Tuttavia, questa fusione non avviene senza perdite.
Non è un adeguamento fatta di mezzi termini nella quale si cerca di perdere il meno possibile. No, fusione è perdita. E per ciascuno è Dio chi suggerisce quella che bisogna perdere e non sempre corrisponde a quello che noi pensiamo che vogliamo perdere. A volte, come in quel caso, Dio suggerisce di perdere quello per il quale si è lottato tutta la vita. E Dio scava, scava, scava profondamente e instancabilmente nel nostro spirito, scoprendo quello che ancora ci lega, in modo che a ogni scoperta nuova possiamo dire: “sì, io lascio anche questo”. E ancora, giorno dopo giorno, fatto dopo fatto, perché possiamo sempre dire a Dio: “Tu sei il mio tesoro, la mia ricchezza”.
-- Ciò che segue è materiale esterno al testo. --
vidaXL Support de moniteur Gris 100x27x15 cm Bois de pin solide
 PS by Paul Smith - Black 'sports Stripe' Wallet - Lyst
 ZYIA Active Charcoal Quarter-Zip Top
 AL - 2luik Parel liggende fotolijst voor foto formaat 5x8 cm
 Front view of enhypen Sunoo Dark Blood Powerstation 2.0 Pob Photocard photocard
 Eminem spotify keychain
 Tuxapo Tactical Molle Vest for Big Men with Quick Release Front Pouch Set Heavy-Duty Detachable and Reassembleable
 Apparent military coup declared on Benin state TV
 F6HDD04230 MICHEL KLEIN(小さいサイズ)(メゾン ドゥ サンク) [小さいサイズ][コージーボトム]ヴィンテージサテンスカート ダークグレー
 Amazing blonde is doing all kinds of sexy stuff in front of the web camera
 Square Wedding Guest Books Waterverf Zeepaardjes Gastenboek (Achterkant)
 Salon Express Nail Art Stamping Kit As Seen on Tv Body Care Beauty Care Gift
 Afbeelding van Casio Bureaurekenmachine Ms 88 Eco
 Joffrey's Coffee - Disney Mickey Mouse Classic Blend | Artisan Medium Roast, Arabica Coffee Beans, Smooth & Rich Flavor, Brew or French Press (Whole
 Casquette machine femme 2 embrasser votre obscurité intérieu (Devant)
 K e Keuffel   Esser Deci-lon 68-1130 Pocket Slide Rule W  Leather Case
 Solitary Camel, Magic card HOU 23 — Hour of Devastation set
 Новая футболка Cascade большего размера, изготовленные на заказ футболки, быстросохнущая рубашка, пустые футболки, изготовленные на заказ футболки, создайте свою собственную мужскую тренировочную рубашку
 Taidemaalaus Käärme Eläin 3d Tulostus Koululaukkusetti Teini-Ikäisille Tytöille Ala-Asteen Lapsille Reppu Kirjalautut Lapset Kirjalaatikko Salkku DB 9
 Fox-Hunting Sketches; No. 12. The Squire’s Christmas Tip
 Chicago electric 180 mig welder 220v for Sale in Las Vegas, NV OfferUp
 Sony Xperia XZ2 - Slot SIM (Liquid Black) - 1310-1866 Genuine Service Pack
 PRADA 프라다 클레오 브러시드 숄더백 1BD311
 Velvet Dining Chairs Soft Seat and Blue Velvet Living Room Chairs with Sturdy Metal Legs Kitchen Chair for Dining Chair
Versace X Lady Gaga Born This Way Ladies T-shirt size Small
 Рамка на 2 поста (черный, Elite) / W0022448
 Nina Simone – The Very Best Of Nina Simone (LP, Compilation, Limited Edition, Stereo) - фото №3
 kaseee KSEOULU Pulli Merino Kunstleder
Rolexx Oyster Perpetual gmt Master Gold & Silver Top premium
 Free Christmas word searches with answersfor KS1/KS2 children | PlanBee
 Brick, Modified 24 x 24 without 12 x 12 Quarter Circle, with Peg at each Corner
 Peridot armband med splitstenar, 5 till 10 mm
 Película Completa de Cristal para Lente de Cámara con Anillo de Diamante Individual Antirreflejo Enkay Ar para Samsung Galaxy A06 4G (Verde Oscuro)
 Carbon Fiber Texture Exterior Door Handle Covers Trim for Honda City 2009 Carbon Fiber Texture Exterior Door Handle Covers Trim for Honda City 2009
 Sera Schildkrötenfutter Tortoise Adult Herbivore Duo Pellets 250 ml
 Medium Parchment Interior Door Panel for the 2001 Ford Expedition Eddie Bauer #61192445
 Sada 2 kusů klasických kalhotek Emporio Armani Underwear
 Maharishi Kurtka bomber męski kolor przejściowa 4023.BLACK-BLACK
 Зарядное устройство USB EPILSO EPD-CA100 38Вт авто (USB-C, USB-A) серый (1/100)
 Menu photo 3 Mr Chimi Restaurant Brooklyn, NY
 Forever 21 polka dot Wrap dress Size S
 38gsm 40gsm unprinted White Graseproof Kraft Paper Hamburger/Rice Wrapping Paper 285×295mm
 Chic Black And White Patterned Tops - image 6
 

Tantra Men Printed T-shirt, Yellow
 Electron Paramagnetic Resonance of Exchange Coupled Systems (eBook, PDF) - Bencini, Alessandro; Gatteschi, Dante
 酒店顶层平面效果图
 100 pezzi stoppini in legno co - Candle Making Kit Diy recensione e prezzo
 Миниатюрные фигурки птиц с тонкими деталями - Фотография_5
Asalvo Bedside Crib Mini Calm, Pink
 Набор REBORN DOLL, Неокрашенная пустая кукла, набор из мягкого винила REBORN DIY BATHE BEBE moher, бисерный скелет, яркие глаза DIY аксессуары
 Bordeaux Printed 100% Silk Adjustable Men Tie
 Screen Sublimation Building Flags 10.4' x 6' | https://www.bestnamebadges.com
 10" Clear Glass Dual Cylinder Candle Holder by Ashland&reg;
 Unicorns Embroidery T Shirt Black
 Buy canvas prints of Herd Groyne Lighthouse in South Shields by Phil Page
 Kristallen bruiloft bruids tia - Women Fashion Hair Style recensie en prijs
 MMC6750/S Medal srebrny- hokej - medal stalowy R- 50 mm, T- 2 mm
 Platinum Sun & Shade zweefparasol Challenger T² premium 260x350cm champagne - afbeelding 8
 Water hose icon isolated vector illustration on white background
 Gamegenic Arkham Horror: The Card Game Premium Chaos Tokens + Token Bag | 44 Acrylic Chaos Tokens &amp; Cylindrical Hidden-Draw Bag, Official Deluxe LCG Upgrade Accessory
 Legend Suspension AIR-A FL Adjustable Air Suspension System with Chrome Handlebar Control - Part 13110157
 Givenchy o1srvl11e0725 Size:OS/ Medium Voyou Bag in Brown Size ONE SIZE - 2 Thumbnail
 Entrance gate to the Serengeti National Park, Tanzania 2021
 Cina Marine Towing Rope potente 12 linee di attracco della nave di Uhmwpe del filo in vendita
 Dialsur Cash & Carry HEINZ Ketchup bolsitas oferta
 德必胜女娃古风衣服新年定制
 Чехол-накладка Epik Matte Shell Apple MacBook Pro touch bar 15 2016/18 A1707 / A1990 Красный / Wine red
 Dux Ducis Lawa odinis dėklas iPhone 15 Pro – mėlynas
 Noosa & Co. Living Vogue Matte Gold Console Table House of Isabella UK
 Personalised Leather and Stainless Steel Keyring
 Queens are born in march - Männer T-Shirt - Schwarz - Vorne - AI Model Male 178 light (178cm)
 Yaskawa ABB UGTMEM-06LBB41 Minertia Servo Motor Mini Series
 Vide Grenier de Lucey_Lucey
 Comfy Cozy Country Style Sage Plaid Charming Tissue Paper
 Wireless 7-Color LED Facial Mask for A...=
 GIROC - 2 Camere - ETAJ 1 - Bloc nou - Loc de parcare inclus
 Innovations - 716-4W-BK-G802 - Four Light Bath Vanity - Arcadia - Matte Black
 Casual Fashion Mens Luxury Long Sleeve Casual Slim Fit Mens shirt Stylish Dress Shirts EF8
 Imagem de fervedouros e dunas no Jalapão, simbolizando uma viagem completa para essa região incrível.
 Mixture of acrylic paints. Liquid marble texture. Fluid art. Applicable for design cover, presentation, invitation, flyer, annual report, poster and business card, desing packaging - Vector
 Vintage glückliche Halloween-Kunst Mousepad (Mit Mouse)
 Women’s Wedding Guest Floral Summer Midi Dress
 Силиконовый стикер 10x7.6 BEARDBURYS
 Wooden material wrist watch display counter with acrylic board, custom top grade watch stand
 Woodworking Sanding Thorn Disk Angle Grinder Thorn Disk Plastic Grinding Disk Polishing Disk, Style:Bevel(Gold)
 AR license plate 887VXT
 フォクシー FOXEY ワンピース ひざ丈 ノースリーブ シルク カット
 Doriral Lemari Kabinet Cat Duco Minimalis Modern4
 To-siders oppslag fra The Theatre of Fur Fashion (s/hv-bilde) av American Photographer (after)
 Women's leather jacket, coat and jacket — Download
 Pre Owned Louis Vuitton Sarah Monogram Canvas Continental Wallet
È la nuova Legge propria di chi non sa, in anticipo, quello che deve lasciare, ma che si lascia dire cosa deve lasciare di volta in volta, seconda quello che Dio suggerisce e con il tempo che Dio sceglie per mostrarci che cosa ancora ci lega.
Questo è possibile solo per un profondo atto di fiducia, perché nessuno lascia qualcosa senza la certezza di farlo per un bene maggiore. Se Dio ci aiuta, indicandoci che cosa è conveniente lasciare, è perché Lui stesso garantisce, con la sua parola e con la Sua vita, che questo è il cammino per la “Vita”, per la realizzazione. È sempre possibile scegliere un altro cammino, quello che noi costruiamo con le nostre stesse mani, Dio non forza né violenta nessuno. L'unico commento – laconico – dell'Evangelista, è che l'opzione fatta da quella persona, l'opzione di non lasciare quello che in quel momento gli era stato proposto di lasciare, lo rese “triste”. Di fatto, il “lasciare” è sempre proporzionato alla prospettiva che abbiamo nel cuore, quanto più grande, più ampia, più illimitata è la prospettiva, tanto più grande sarà la capacità di lasciare qualcosa. Una persona senza prospettive si aggrappa disperatamente a ciò che possiede perché, al di là di quello, non ha nulla. Quanta gioia esiste nello sguardo di chi non si preoccupa per quello che lascia! In lui già esiste il Tutto.